Thursday, October 13, 2022

Brute force freedom

Not Mickey Roker, never will be
In the Josef Hoffman piano technique post I said: 

We read this now and put an emphasis on the freedom part, but he's talking about freedom through massive technical abilities— the music he's playing, and the setting in which he performs it, demands that. And there are definitely drummers active now who agree with it, e.g. Mike Mangini. 

It occurred to me that most people now probably agree with that— you simply dedicate your life acquiring a massive amount of skill, and you'll then be free to play whatever you want. It's popular among segments of the drumming community invested in drumming being as difficult as possible— possibly to explain why they're never able to do it very well. 

But if that's how FREEDOM works, why does Mike Mangini always sound like Mike Mangini? Why does he never sound like Max Roach, or Elvin Jones, or Roy Haynes, or Stewart Copeland? Like, even a little bit? Why can't any of the hyper technically able people sound like Mickey Roker? 

Answer: They can't, and don't, because it's a false concept of freedom. 

There's a video of Jim Keltner hanging out with Terry Bozzio and Vinnie Colaiuta and some other seriously able players, and he talks about his place among players like that. Paraphrasing, he said I can't do what they do, but they can't do what I do. We're so worshipful of ability that it sounds like false comfort, but it's absolutely true— they cannot do what he does, and they don't get called to try to do what he does. 
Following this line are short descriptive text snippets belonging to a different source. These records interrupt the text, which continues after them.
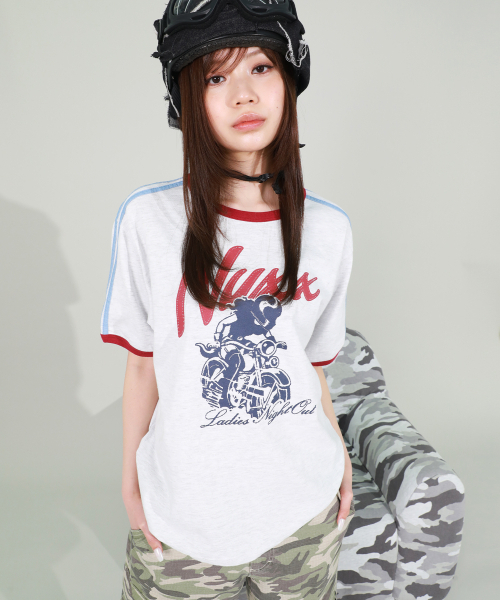 NYXX(エヌワイエックスエックス)の「バイク リンガー Tシャツ ヘザーグレー(Tシャツ/カットソー・レディース・その他・MEDIUM)」の1枚目の写真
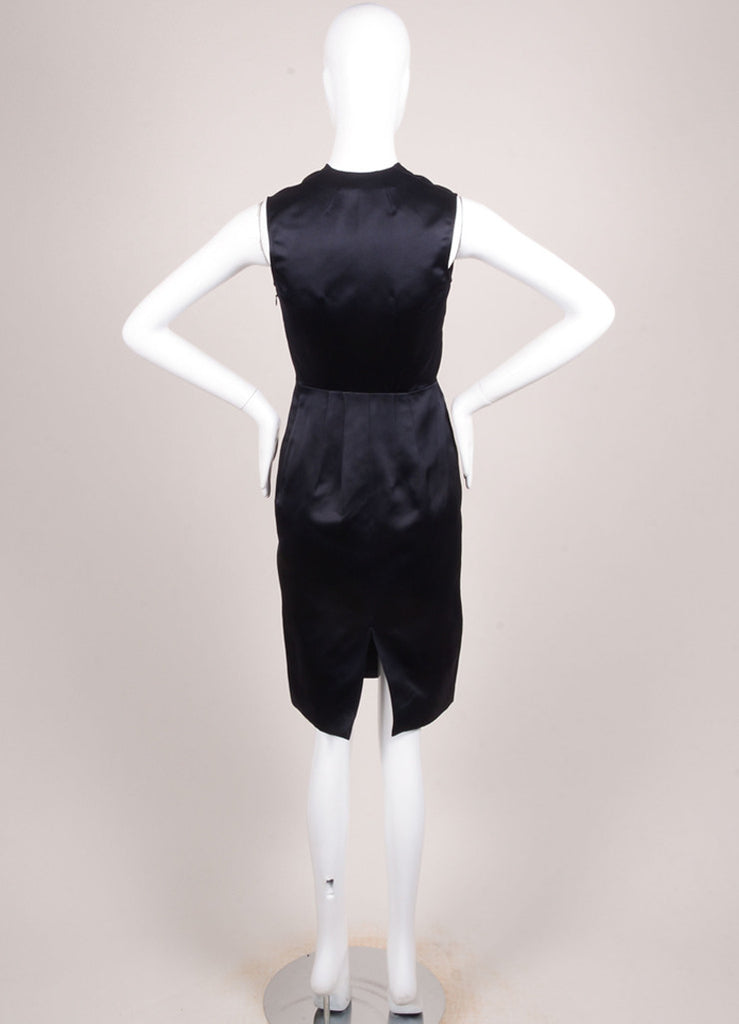 Jil Sander | Navy Jil Sander Silk Satin Sleeveless V-Neck Sheath Dress ...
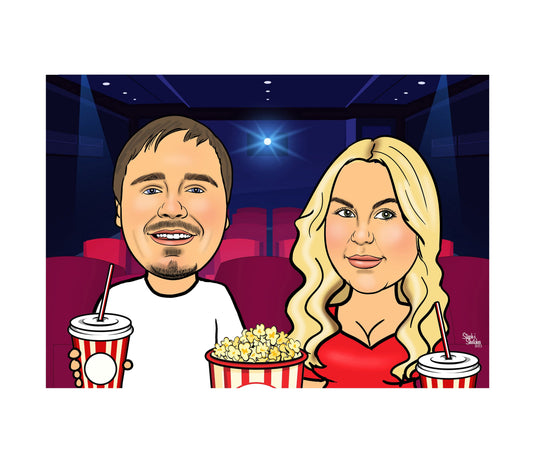 Couple Cinema Caricature | Cinema Couple Caricature | Steph's Sketches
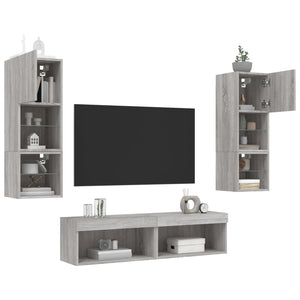 6-teilige Wohnwand mit LED Grau/Sonoma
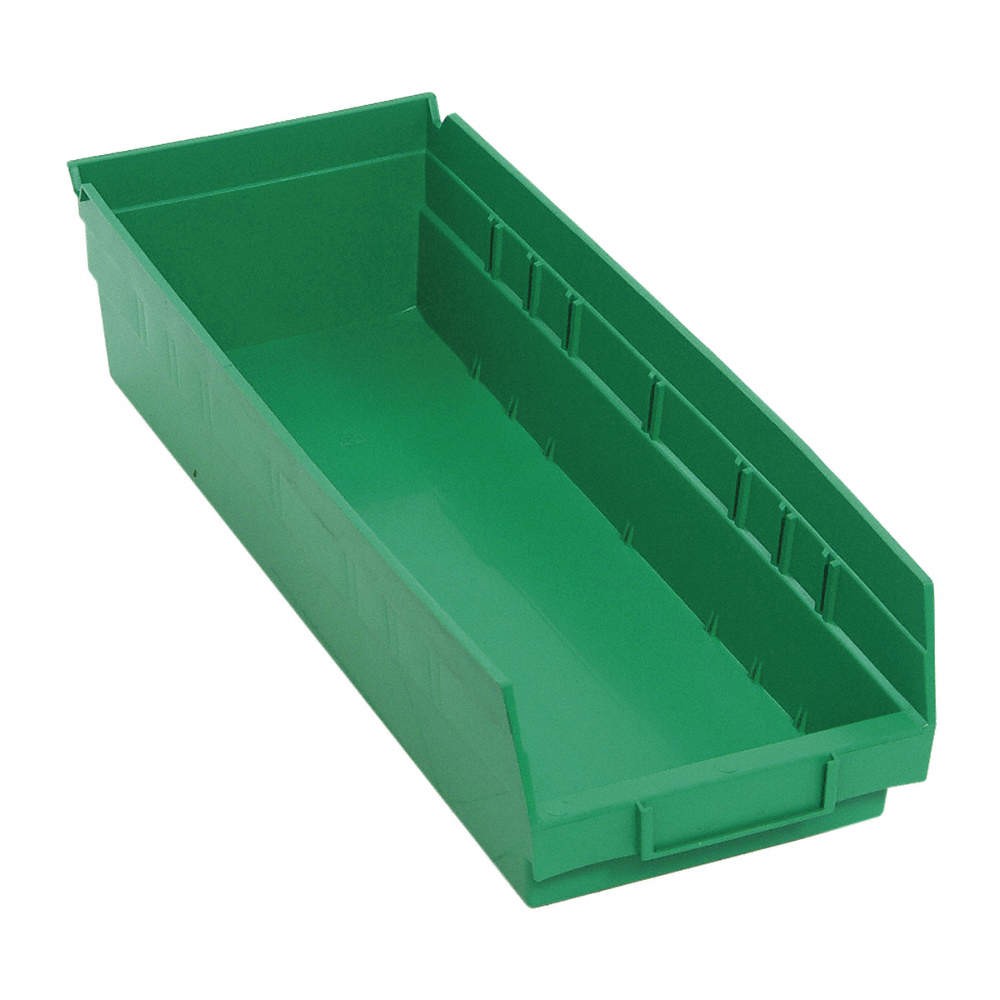 QUANTUM STORAGE SYSTEMS QSB104GN Shelf Bin,Green,Polypropylene,4 in 8TT53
The acquisition and the non-acquisition of massive technique both shape what you do in ways you have no control over. Both your playing and your career. The massive technique people usually have no desire or inclination to be great in the way the non-massive technique people* are great. None of them are trying to be Connie Kay or Al Jackson Jr. Most of the time, judging from what I hear on recordings, the massive technique people aren't even learning how to use their instrument more effectively, or in a more personal way. 
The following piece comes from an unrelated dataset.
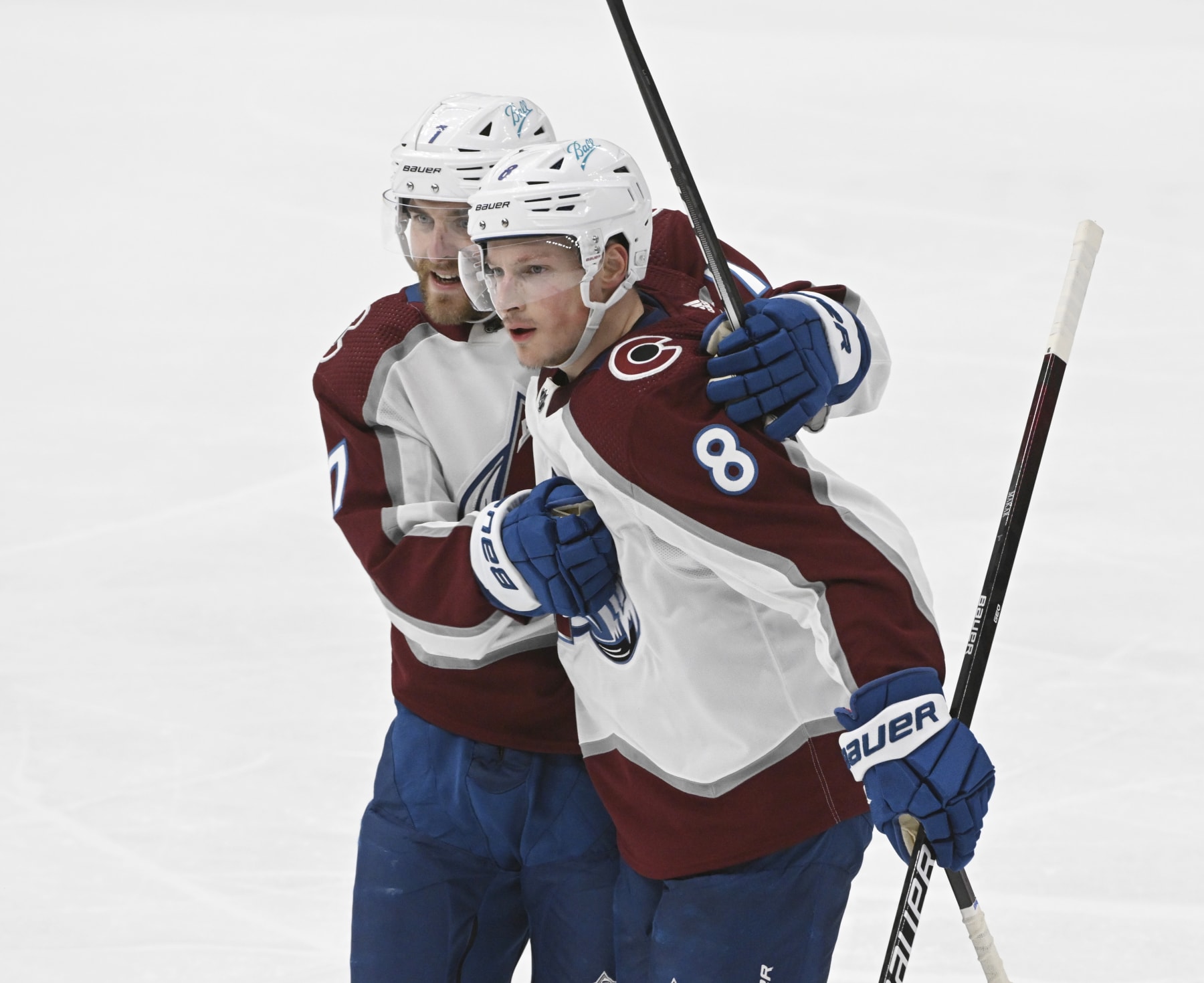 Colorado Avalanche defensemen Devon Toews (left) and Cale Makar.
* - “Non-massive technique people” = most drummers, great and not great, for all time. Massive technique is a historically exceptional weird pursuit

And the reality is that we've got one timeline to work with. One person can really only do one thing at a time, and the path you commit to takes you that way. Mike Mangini is a career prog guy and technical superstar guy, and that's it. He will never be a any kind of rock musician, jazz musician, studio musician, whatever other category you would think he'd be able to fulfill given his abilities. The name Mangini = massive chops, and no one is going to ask him to do those things in any kind of meaningful way. So where's the freedom?   

High art to me doesn't just include concert pianists and massively technical prog drummers. It includes Delta Blues musicians, some rock & rollers, night club musicians, pygmy musicians. A lot of people who don't necessarily dedicate their entire lives to the acquisition of technique. And you can't do what they do just by acquisition of massive technique. 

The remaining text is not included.